Turn That Noise Down - KLF


So many well-known albums turn 30 this year and Steve Taylor-Bryant and Susan Omand travel back to 1990 to revisit some of the sounds of their youth that made parents shout "Turn that noise down!" This week, Susan chills out...

Where do I even begin in trying to write a coherent article about Chill Out? There's not a "song" in it, it's all swooshy synth, wobbly guitar and ambient soundscaping, with the odd game of Spot the Sample... and I utterly adored it from the moment I heard it.

I would really love to say that this was the album that introduced me to the KLF but it wasn't, my gateway drug was 1991's The White Room but I backtracked soon after and I have now devoured anything and everything that Jimmy Cauty and Bill Drummond have done, in any medium, together and separately, before and since. I am in awe of their genius.

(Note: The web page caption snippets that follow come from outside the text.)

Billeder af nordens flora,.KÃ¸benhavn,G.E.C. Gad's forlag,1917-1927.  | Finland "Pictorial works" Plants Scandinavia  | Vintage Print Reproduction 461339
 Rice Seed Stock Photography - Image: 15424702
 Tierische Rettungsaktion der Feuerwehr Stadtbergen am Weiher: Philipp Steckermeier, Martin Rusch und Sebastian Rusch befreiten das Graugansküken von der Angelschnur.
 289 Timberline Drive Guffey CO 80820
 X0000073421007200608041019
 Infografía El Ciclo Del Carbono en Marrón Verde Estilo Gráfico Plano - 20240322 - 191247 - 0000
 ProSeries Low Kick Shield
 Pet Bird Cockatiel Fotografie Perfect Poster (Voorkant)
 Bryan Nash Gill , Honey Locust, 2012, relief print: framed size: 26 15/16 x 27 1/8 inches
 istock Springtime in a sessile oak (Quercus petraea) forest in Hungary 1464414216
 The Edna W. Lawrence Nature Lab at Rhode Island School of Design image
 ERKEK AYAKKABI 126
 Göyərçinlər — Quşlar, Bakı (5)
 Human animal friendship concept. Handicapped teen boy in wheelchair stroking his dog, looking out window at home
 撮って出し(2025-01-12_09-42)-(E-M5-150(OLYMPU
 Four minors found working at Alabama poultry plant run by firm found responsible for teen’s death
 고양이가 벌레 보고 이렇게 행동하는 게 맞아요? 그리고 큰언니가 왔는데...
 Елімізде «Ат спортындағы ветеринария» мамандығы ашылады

So what's so great about Chill Out if it's not an album of well-known songs that you can dance or hum along to then? To be honest you just have to experience it for yourselves as I think everyone's interaction with this work of art would be different.  From the radio static and time-check beeps at the start, through the train noise and bird song, crashing waves and twangy pedal steel guitars and the oh-so-atmospheric synth, to the inexplicable Russians and the bombs at the end, Chill Out is purported to be one continuous all nighter road-trip from Texas to Louisiana, or, at least, that's what Cauty and Drummond said once it had all been recorded (I don't think it set out to be that way) and, listening to it again with that in mind, yes that works. It is so easy to imagine taking a big American gas-guzzler car down the long straight roads, through oppressive landscapes, past vast farmland and one-horse towns under huge beautiful skies. Along the road there are tape-loops of radio broadcasts; an evangelist preaching, a pushy salesman, reports of a fatal road accident, interspersed with highly recognisable samples of songs like the Elvis hit In The Ghetto, Fleetwood Mac's Albatross, even Acker Bilk's Stranger on the Shore makes an appearance.

Acknowledged as one of the first Ambient concept albums I find it redolent of Kerouac, Steinbeck and Thompson, with that freaky dream-filled other-worldliness of an epic once in a lifetime trip (in all senses of the word) - the Beat Generation gloriously re-imagined.

Not bad for a couple of blokes in the basement of a south London squat in 1990. Not bad at all.